Doch Erlebnismarketing ist nicht nur ein wiedererstarktes Tool der Stunde. Das zweite Argument dafür: Es kann ungemein dabei helfen, die Brand Loyalty zu erhöhen – vor allem bei Konsumgütern. In Zeiten, wo der ritualisierte Griff zum Markenprodukt immer häufiger in Frage gestellt wird, ist das extrem wichtig. Im Zuge der Inflation erstarken Eigenmarken, Konsument:innen machen Abstriche. Wo sie das tun, liegt auch in der Hand von Unternehmen. Die Kraft des Experiential Marketing besteht darin, die Bindung zum Produkt und zur Marke zu erhöhen; Konsument:innen können direkt mit ihnen interagieren. Das schafft Vertrauen und hallt nach – und der Griff im Supermarkt wandert doch wieder eine Etage weiter nach oben statt zur Bückware.

Den dritten Punkt, warum Marken auf Erlebnisse setzen sollten, gibt der Handel vor. Ein guter Platz im Regal war schon immer hart umkämpft. Doch jetzt mischen da auch noch die bereits erwähnten starken Eigenmarken mit. Der Weg zur Pole Position im Handel führt über die Konsument:innen und ihre Nachfrage. Ziel muss sein, dass es sich ein gut sortierter Supermarkt gar nicht leisten kann, bestimmte Produkte nicht zu listen – weil das mindestens eine irritierte Kundennachfrage, maximal einen waschechten Shitstorm nach sich zieht. Die Kraft der Emotionen, auf die beim Erlebnismarketing gesetzt wird, entfaltet hier ihr volles Potenzial.

Liebe Marken – wenn nicht jetzt, wann dann?

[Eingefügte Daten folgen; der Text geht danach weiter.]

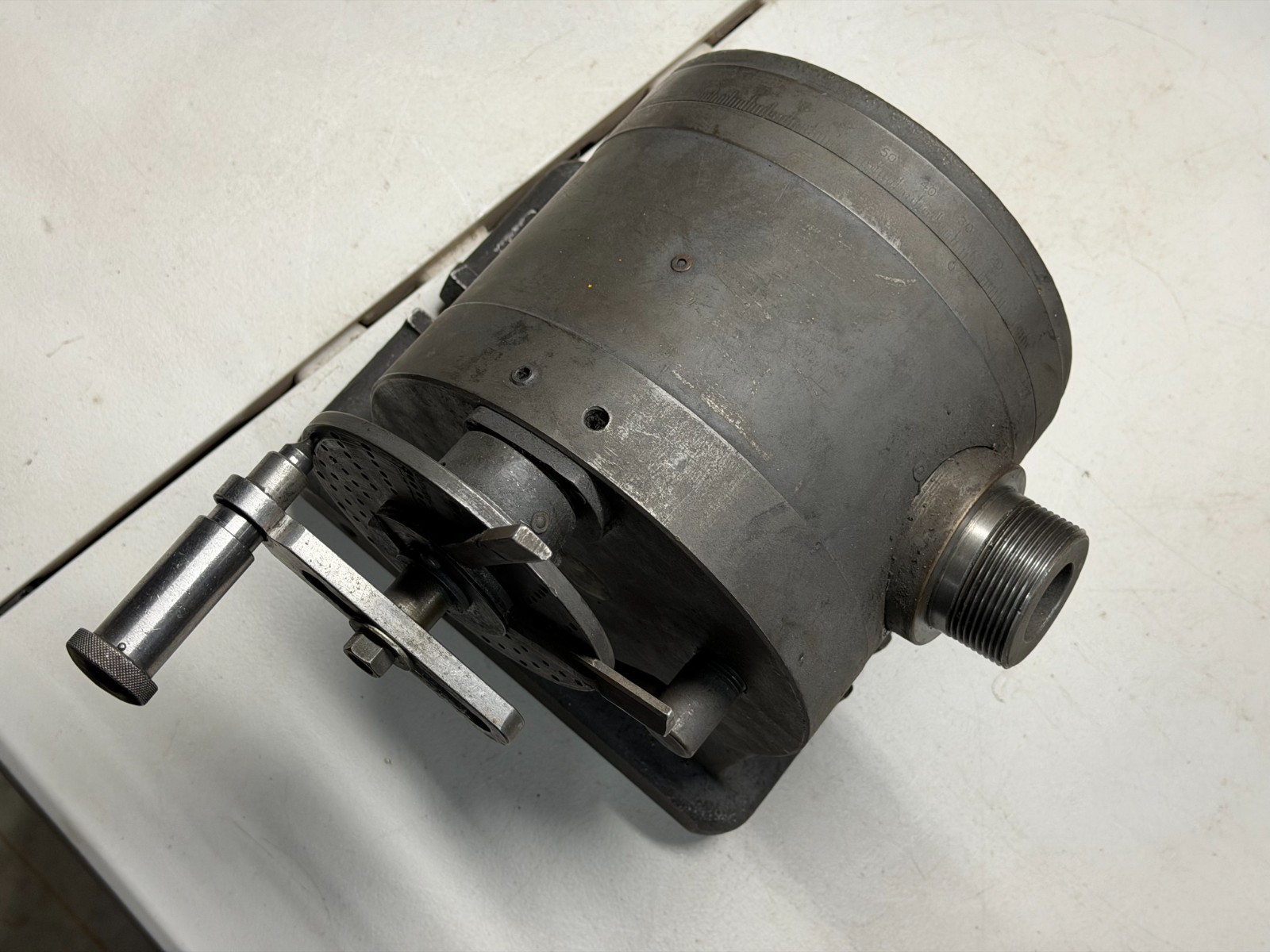 L W Chuck Co dividing head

Zusammengefasst lässt sich also sagen: Experiential Marketing passt zum Zeitgeist, stärkt die Marke und gleichzeitig die Position im Handel. Es gibt aber noch einen weiteren Grund, warum besonders große Konsumgüterunternehmen gerade jetzt darauf setzen sollten – weil sie es können. Und zwar im Gegensatz zu ihren schärfsten Konkurrent:innen. Der jüngst publizierte Start-up-Monitor  belegt die aktuell negative Stimmung unter jungen Unternehmen. Gingen 2021 noch mehr als sieben von zehn Start-ups von einer guten Entwicklung des Geschäfts aus, schrumpfte diese Zahl 2022 auf nur noch 54,2 Prozent. Bereits 43,8 Prozent klagen über Finanzierungsengpässe. Ob und wie widerstandsfähig Gründer:innen sind, lässt sich aktuell noch nicht sagen. So viel aber schon: Ein Großteil des Budgets fließt derzeit wohl nicht unbedingt ins Marketing. Die Großen können dagegen punkten und ihren Marketshare vergrößern oder zurückerobern. Deshalb lohnt es sich für sie, trotz wirtschaftlich unruhigen Zeiten in (Erlebnis-)Marketing zu investieren. Denn wenn nicht jetzt – wann dann?

Über die Autorin

Tanja Sanghera ist Competence Lead FMCG & Retail bei fischerAppelt. Gute Stories suchte sie früher als Promireporterin am roten Teppich – heute für Produkte vom Aufstrich bis zur Zahnpasta.